|Publication number||US20050068583 A1|
|Application number||US 10/677,164|
|Publication date||Mar 31, 2005|
|Filing date||Sep 30, 2003|
|Priority date||Sep 30, 2003|
|Also published as||CN1604136A, EP1521449A2, EP1521449A3|
|Publication number||10677164, 677164, US 2005/0068583 A1, US 2005/068583 A1, US 20050068583 A1, US 20050068583A1, US 2005068583 A1, US 2005068583A1, US-A1-20050068583, US-A1-2005068583, US2005/0068583A1, US2005/068583A1, US20050068583 A1, US20050068583A1, US2005068583 A1, US2005068583A1|
|Inventors||Lawrence Gutkowski, Otto Sievert|
|Original Assignee||Gutkowski Lawrence J., Sievert Otto K.|
|Export Citation||BiBTeX, EndNote, RefMan|
|Patent Citations (13), Referenced by (67), Classifications (15), Legal Events (1)|
|External Links: USPTO, USPTO Assignment, Espacenet|
Over the past decades, copiers have become one of the more essential office tools.

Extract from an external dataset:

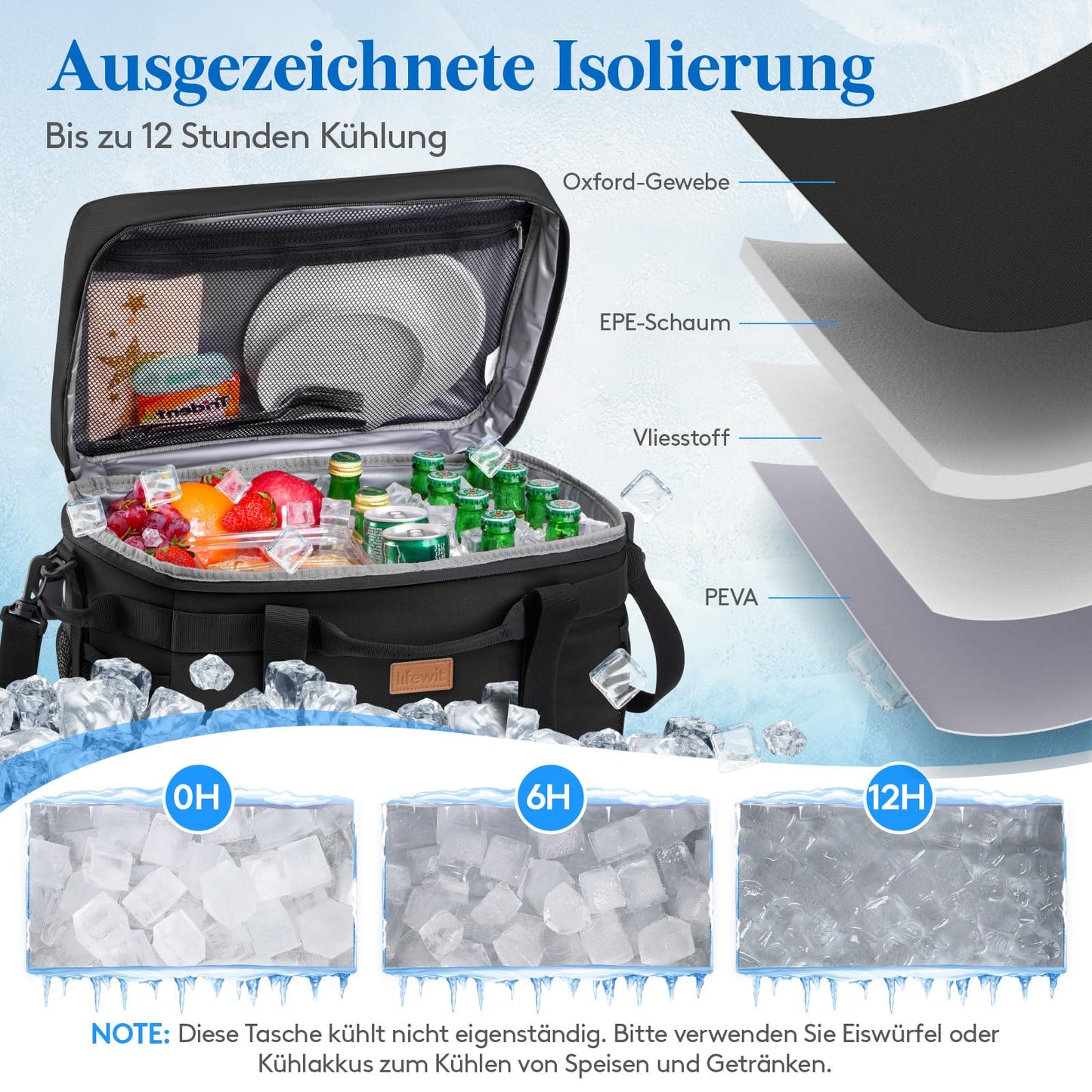 Lifewit Cooler Bag 30L, Foldable Picnic Bag for Food & Drinks, Portable Ice Box for Men, Women, Insulated Thermal Bag for Work, Camping, and Everyday Use, Black.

With the advent of automatic document feeders, a user can place a multiple page original document in the feeder, press a couple buttons, walk away, and later return to find a multiple page copy ready to pick up. Nonetheless, it is still common and often desirable to manually place multiple objects on a copier's platen and then make a single copy containing images of all the objects. For example, a user may place a number of photographs on the copier, and make a single composite copy. Other common examples include recipes, returned checks, and business cards. It is also not uncommon for a user to cut out important pieces of text from a newspaper or other source and collect the pieces onto a single page.
It is usually very difficult to position objects on a copier's platen so that the orientation of each object is aligned with the other objects and consistent spacing is maintained. Even when the objects are painstakingly positioned, closing the copier's lid often disturbs the objects. A commonly attempted solution involves affixing the individual objects to an intermediary—a sheet of paper, for example—in a nicely aligned way, and then placing the single assembly on the copier. This procedure is tedious, and the tape glue or other material used to affix the objects can potentially mar the one or more of the objects.
Another commonly attempted solution involves scanning each object separately into an electronic image file. The user then combines all the electronic images into a single image file aligning each individual image as desired separately. The user then prints the combined image file. For typical users this is a very tedious, time consuming, and frustrating procedure. It can require complex software user interfaces and the transfer of large amounts of data from a scanner to computer. That data must be manipulated and then sent on to a printing device.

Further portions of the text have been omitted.